> [WORK TO BE COMPLETED]: Look in the listing below for the line that has "BRILL Johannes 1842-1924", then return it and each following line up to and including the one with "Vaniha Unbreakable Four-Wheel", exactly and without pictures.

> [AVAILABLE RECORDS]:

++++++++++++++++++++

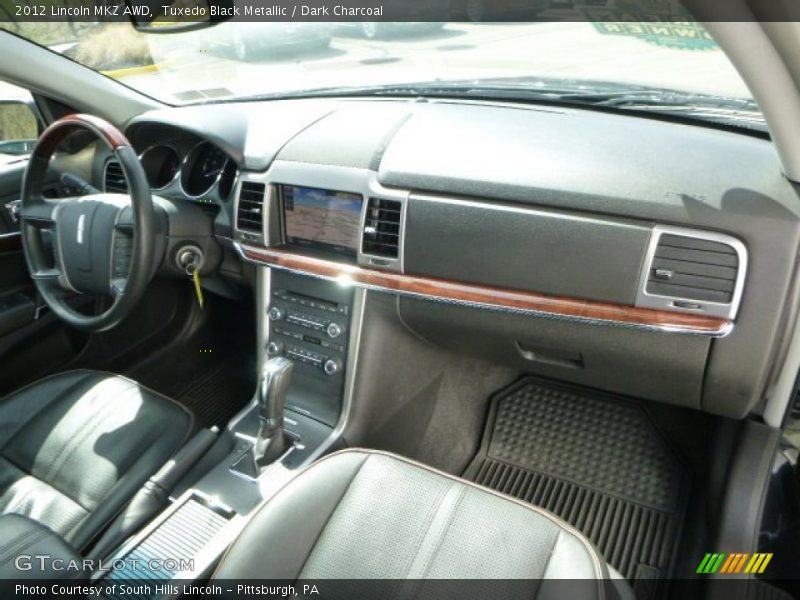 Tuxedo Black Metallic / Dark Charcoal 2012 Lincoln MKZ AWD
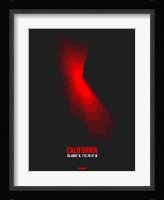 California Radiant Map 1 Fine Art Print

++++++++++++++++++++

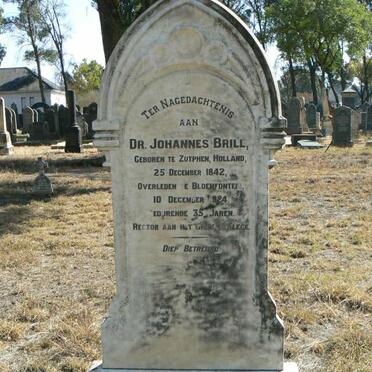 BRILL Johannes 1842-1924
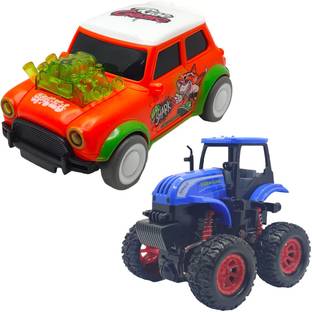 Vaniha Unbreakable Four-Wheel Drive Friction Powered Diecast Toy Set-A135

++++++++++++++++++++

> [ANSWER TO THE EXERCISE]:
 BRILL Johannes 1842-1924
 Vaniha Unbreakable Four-Wheel Drive Friction Powered Diecast Toy Set-A135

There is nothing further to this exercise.